How different it is from 24 hours ago, when for two hours political tensions were forgotten, as everyone in the city breathlessly followed the World Cup soccer game between Mexico and Portugal. The sound of the play by play filled the city streets as teachers and business people alike gathered around radios and televisions. Some teachers watched the game on portable televisions in the shade of their tarps. Others gathered inside business (those that remain open) with televisions and joined the workers in rooting on the national team. When el Kikin Fonseca scored his first-half goal, returning hope to the Mexican team, they cheered and exchanged high fives, and when Omar Bravo missed the penalty shot that would have tied the score, they groined in agony.
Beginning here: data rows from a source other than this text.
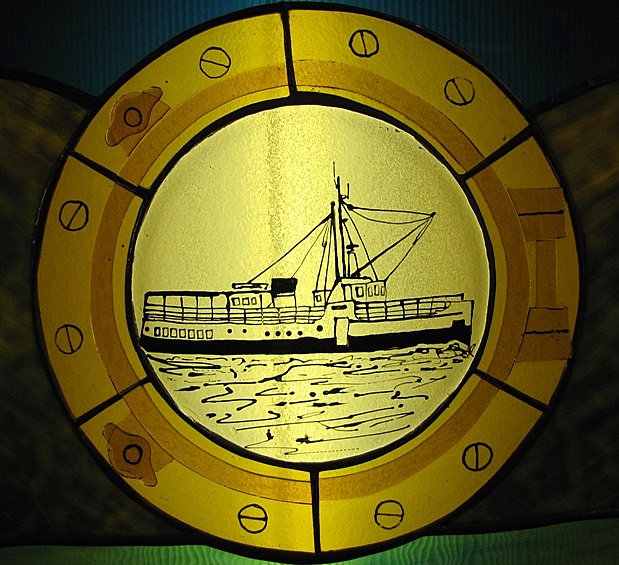 2011: - a stained-glass display inside the office of Lady Rose Marine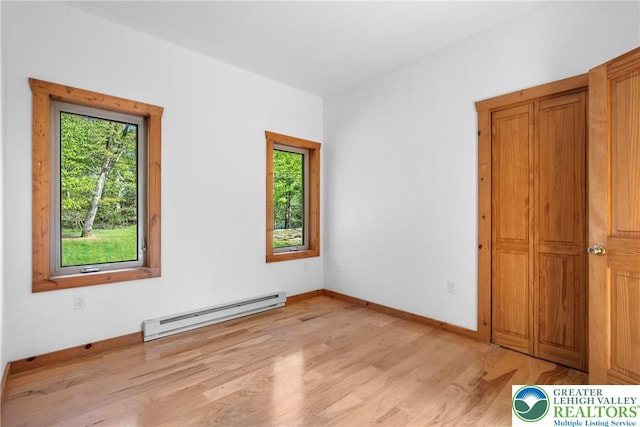 2107 Lenape Ter, Barrett Twp, PA 18325 - unfurnished bedroom with a baseboard heating unit, light wood-style flooring, and baseboards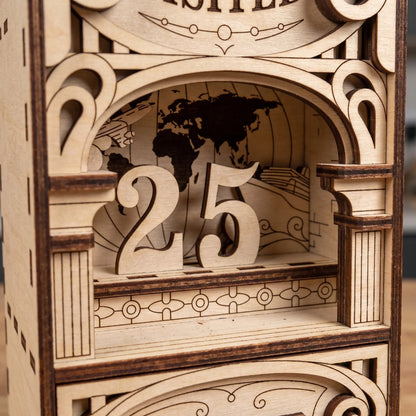 Close-up of a laser cut Countries Visited book nook with layered wooden travel design, world map background, and 25 country counter.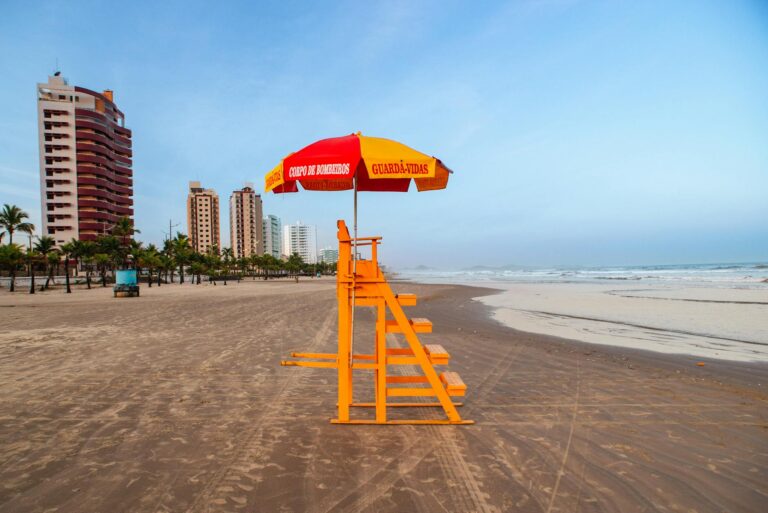 Bright lifeguard tower and umbrella on a tropical beach with city skyline.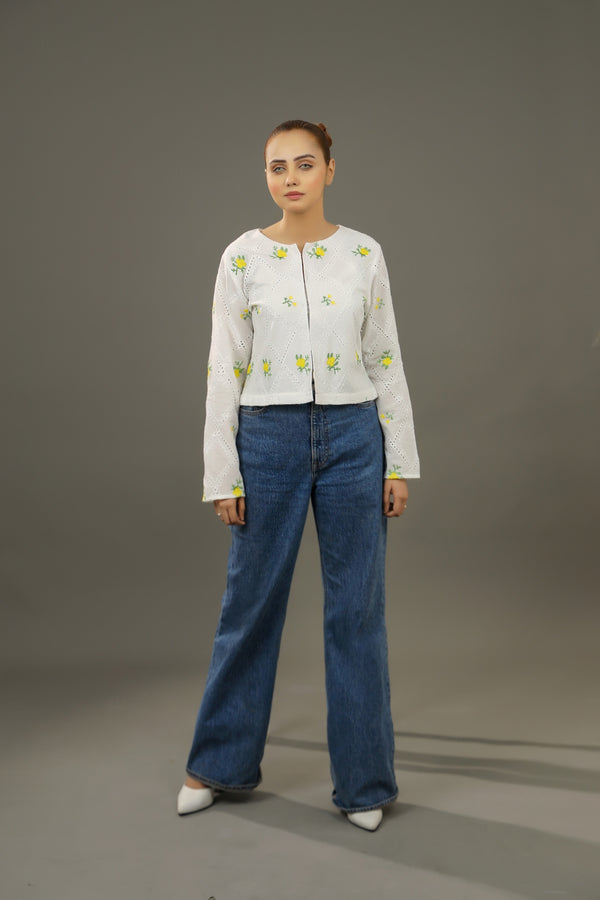 Woman wearing a white embroidered top and blue jeans against a gray background.Cropped yellow embroidered cardigan-Relaxed body fit-Round neck-Inside hidden hook closure-full lined body-Long sleeves with lace -Fabric: 100% Cotton blouse.frontangle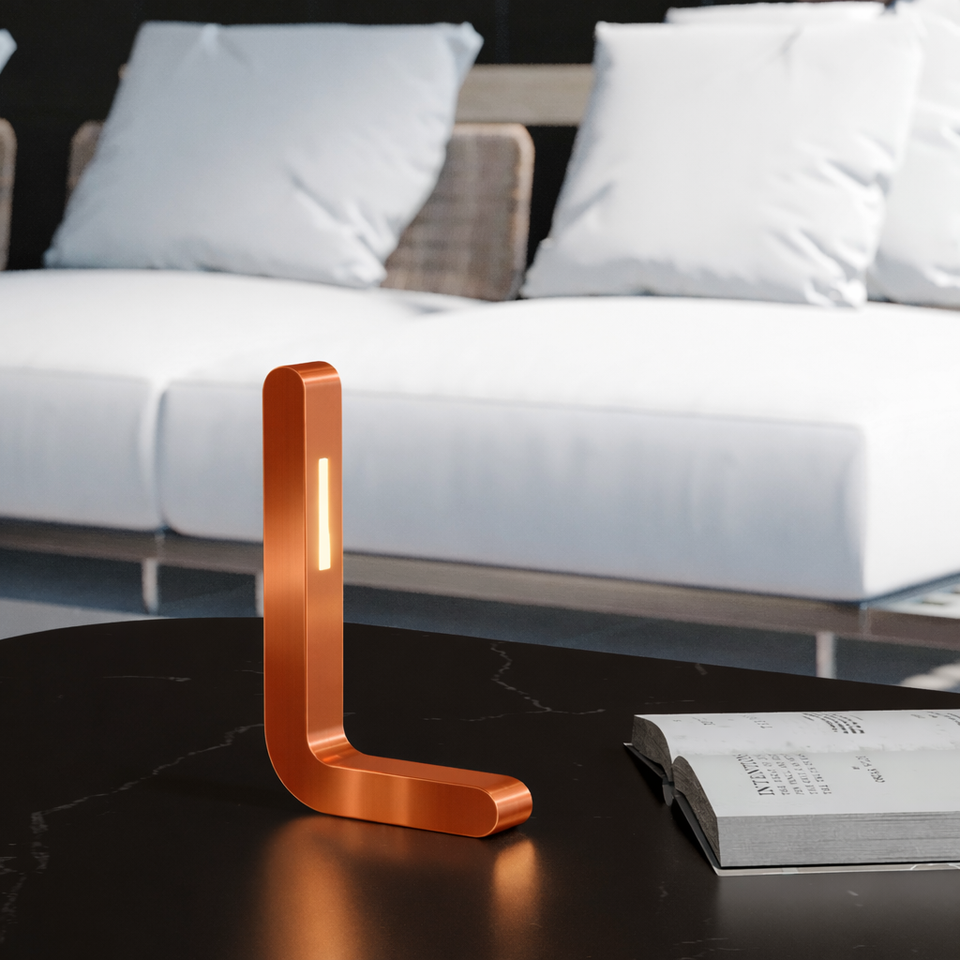 Copper finish L-shaped LED lamp by WOOM on a dark marble table with an open book, and a blurred white sofa in the background.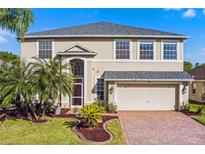 Charming two-story home features a manicured front yard, brick driveway, and an attached two-car garage at 2081 The Oaks Blvd, Kissimmee, FL 34746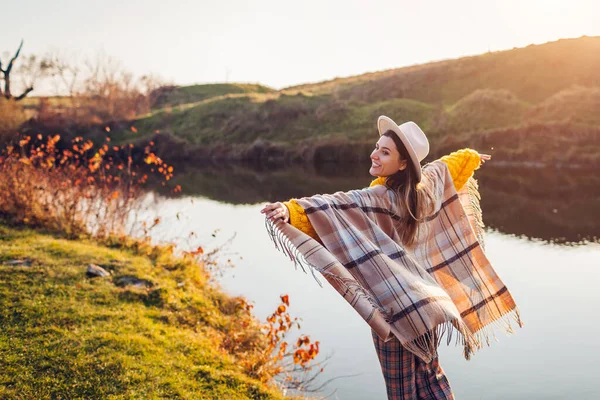 Šťastná žena odpočívající u podzimního jezera při západu slunce. Stylová dívka v klobouku hraje s větrem a šála těší podzim krajiny — Stock fotografie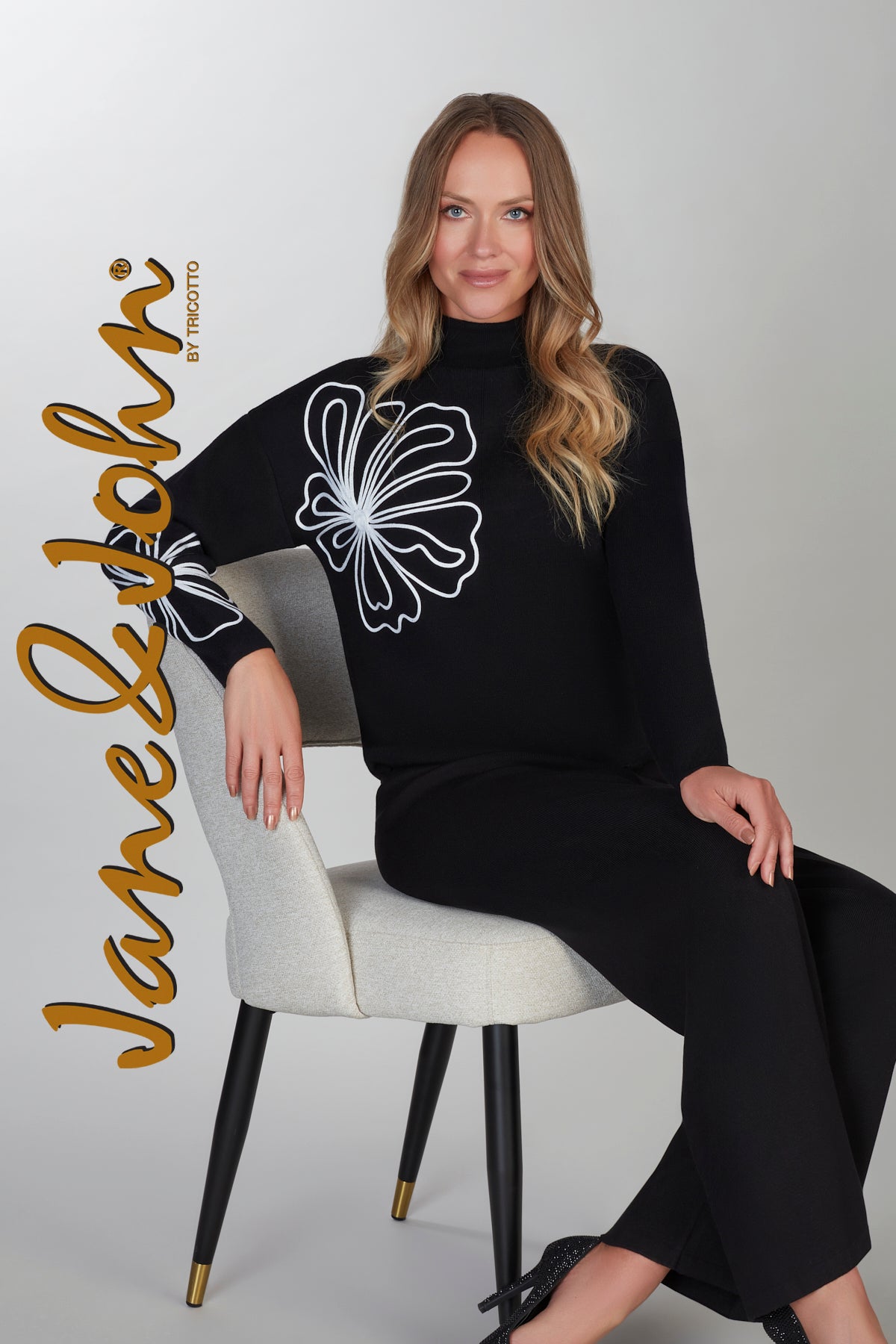 Black sweater with front floral accent detail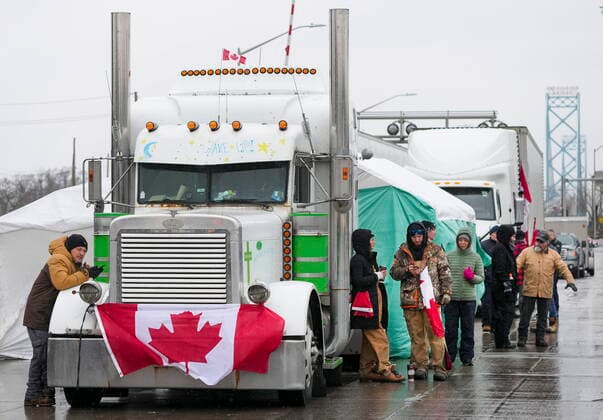 February 11, 2022, Windsor, Ontario, Canada: Truckers and supporters block the access leading from the Ambassador Bridge, linking Detroit and Windsor, as truckers and their supporters continue to protest against COVID-19 vaccine mandates and restrictions. A Canadian judge has granted a court order to end a truckers blockade of a vital trade link with the US. The chief justice of Ontario s Superior Court of Justice said the injunction would come into effect at 19:00 local time (midnight GMT) on Friday. Windsor Canada  - ZUMAc35_ 20220211_zaf_c35_115 Copyright: xNathanxDenettex
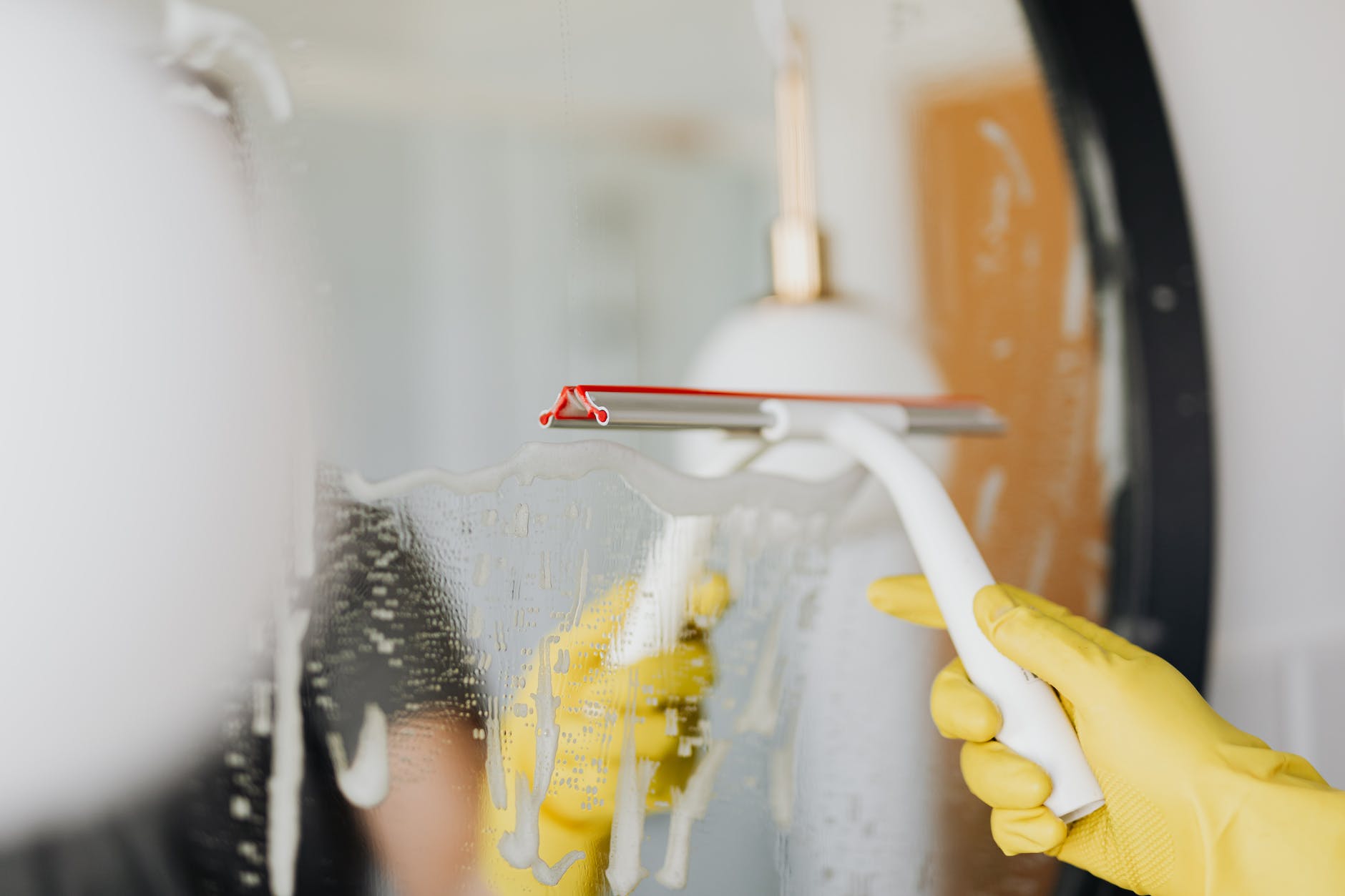 faceless person removing water from mirror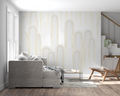 White and gold geometric art deco wallpaper in modern living room with high ceilings and minimalist furniture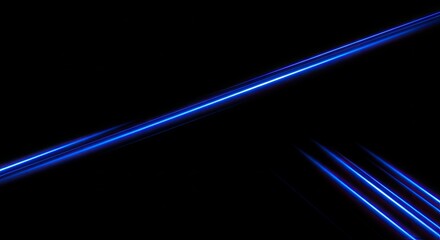 Fototapeta premium Striking abstract image featuring vivid blue light trails against a dark background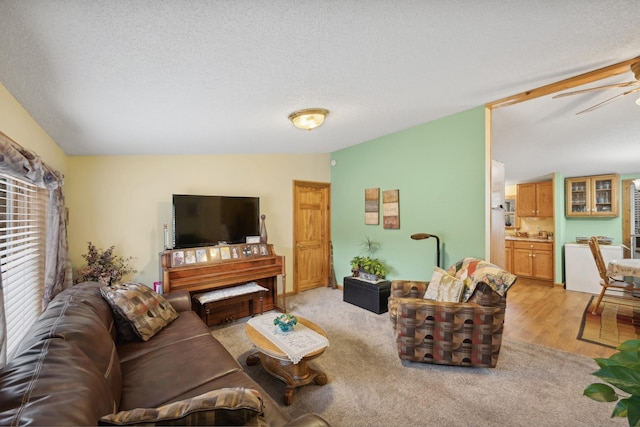 living room with ceiling fan, a textured ceiling, light hardwood / wood-style flooring, and vaulted ceiling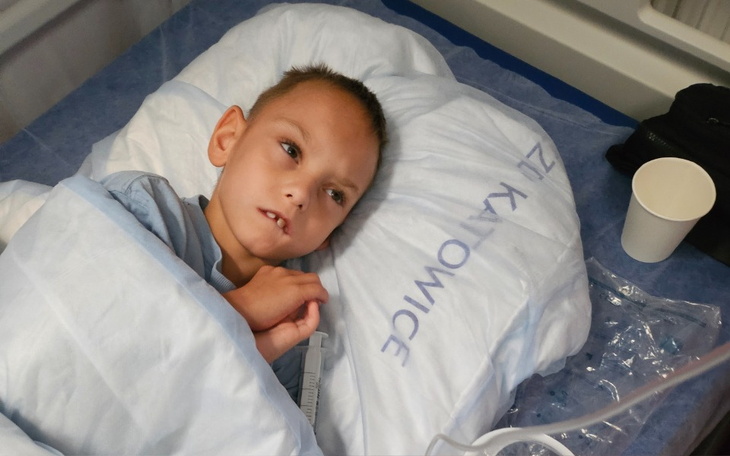 Dziecko leżące w szpitalnym łóżku, owinięte w koc.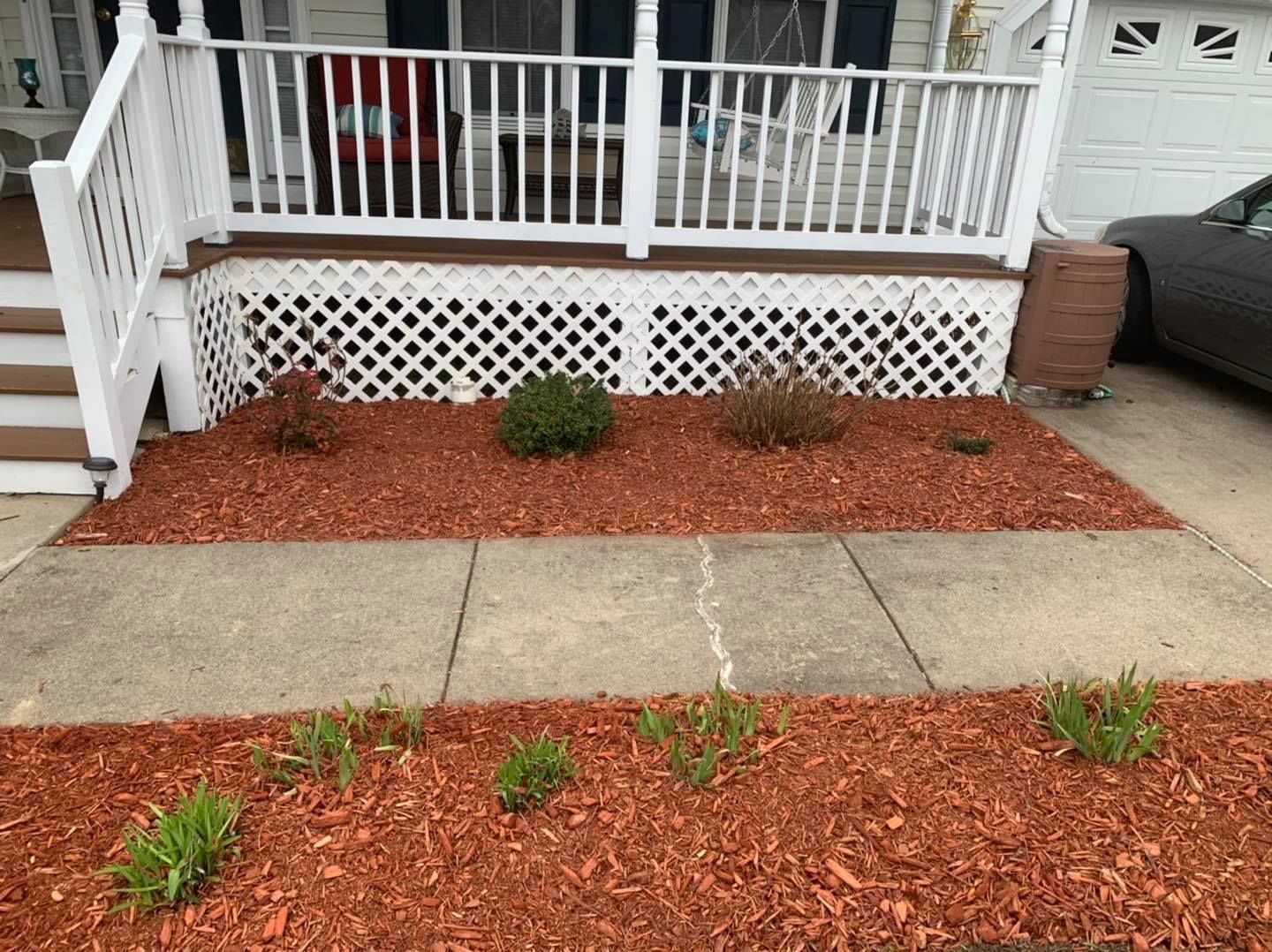 A house with a porch and a car parked in front of it.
With all the excitement generated by the Mexican team, you would think they actually had a chance of winning the World Cup, when in reality they are a plucky but mediocre bunch.

In the end Mexico lost. But at least soccer is just a game. Here in Oaxaca, there are bigger things at stake: the future of public education, the democratic process (there is fear that the teachers’ movement will interfere with the July 2nd presidential elections) and the economic survival not just of downtown, but of the entire region (tourists are canceling their vacations to Oaxaca during what is usually the busiest time of year). But worst of all, if today’s demonstrations result in confrontation, lives may be on the line.

June 15, 2006

Aftermath, or Just the Beginning?

Following yesterday's early morning raid of the teachers' encampment, the teachers regrouped and fought back, driving the police from the zocalo. The city waited tensely for federal troops to arrive and put an end to the uprising, but they never came. That evening, the leader of the teacher's union announced a truce and a return to the bargaining tables. Teachers removed their tents and belongings from the streets and took refuge in school buildings. But this morning, they took to the streets again, armed with pvc pipes. Joined by university students and other sympathizers they marched to the zocalo, demanding the resignation of the governor, Ulises Ruis Ortiz. By noon they were again pitching their tents in the zocalo. Teachers I spoke to said they are not afraid to confront the police if they return. Although union leaders claim at least three casualties, including a minor, this has yet to be confirmed. There were many injured, both among police and demonstrators. At this moment the city center is again paralyzed by teachers, while the governor and union leaders continue to negotiate behind closed doors.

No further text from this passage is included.